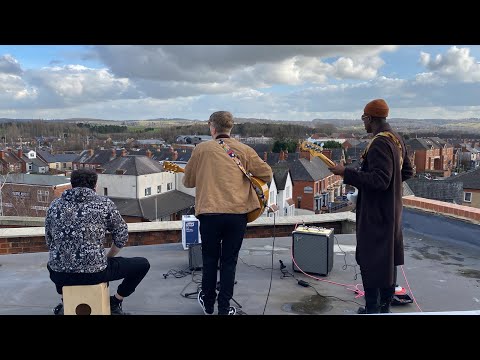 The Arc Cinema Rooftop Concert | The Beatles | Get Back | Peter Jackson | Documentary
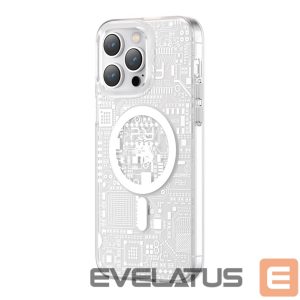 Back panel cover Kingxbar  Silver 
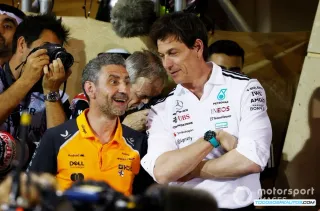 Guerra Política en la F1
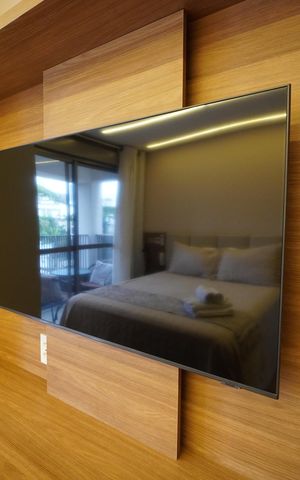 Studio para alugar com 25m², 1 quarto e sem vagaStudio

━━━━━━━━━━━━━━━━━━━━

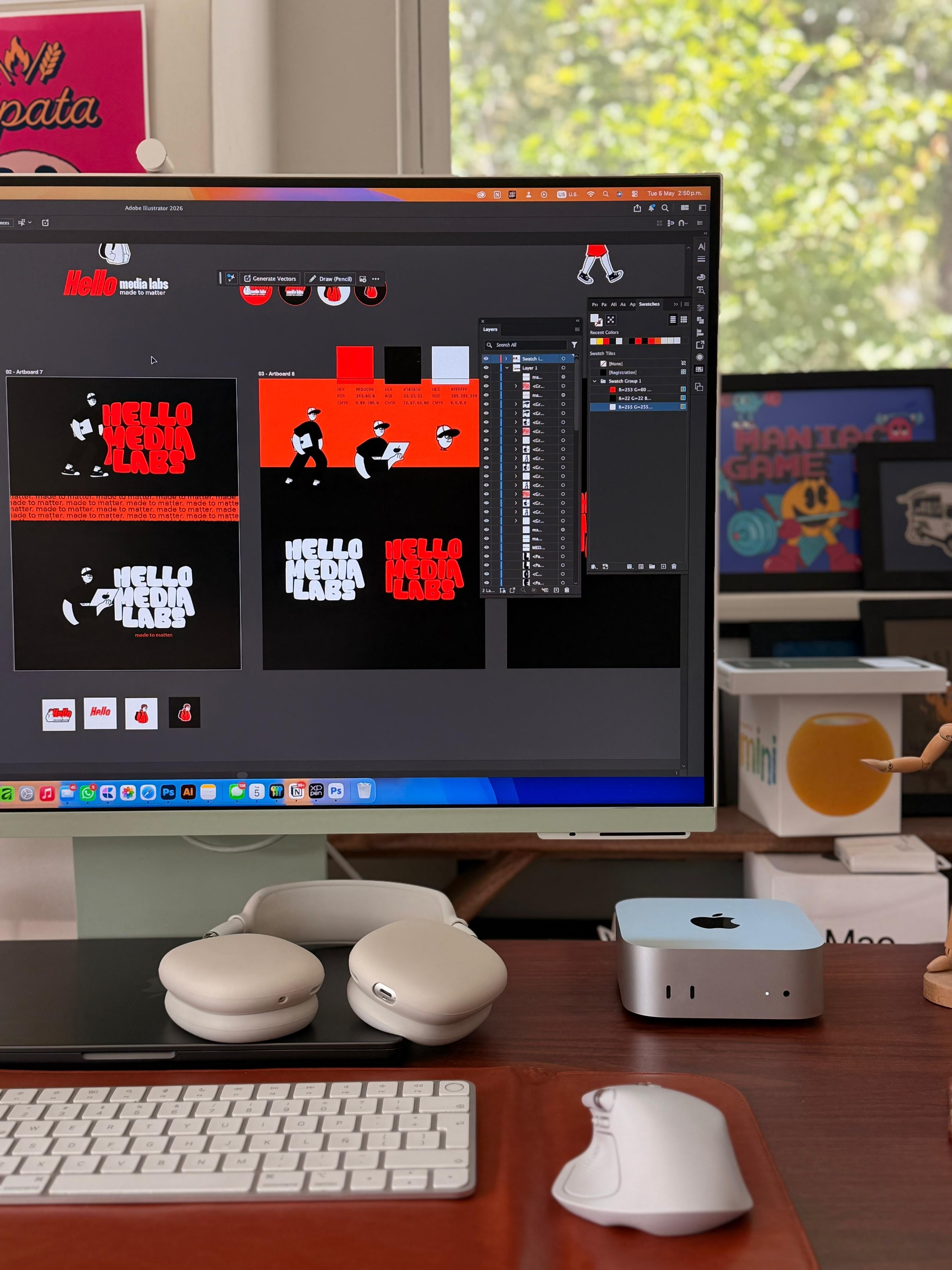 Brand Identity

━━━━━━━━━━━━━━━━━━━━

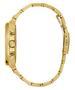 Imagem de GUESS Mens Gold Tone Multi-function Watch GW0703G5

━━━━━━━━━━━━━━━━━━━━

_BRIEF_
Find the line with "The Arc Cinema" in the entries above. Set down exactly every line from it up to and including the line with "Studio para alugar", images excluded.

_REPLY TO THE EXERCISE_
 The Arc Cinema Rooftop Concert | The Beatles | Get Back | Peter Jackson | Documentary
 Back panel cover Kingxbar  Silver 
 Guerra Política en la F1
 Studio para alugar com 25m², 1 quarto e sem vagaStudio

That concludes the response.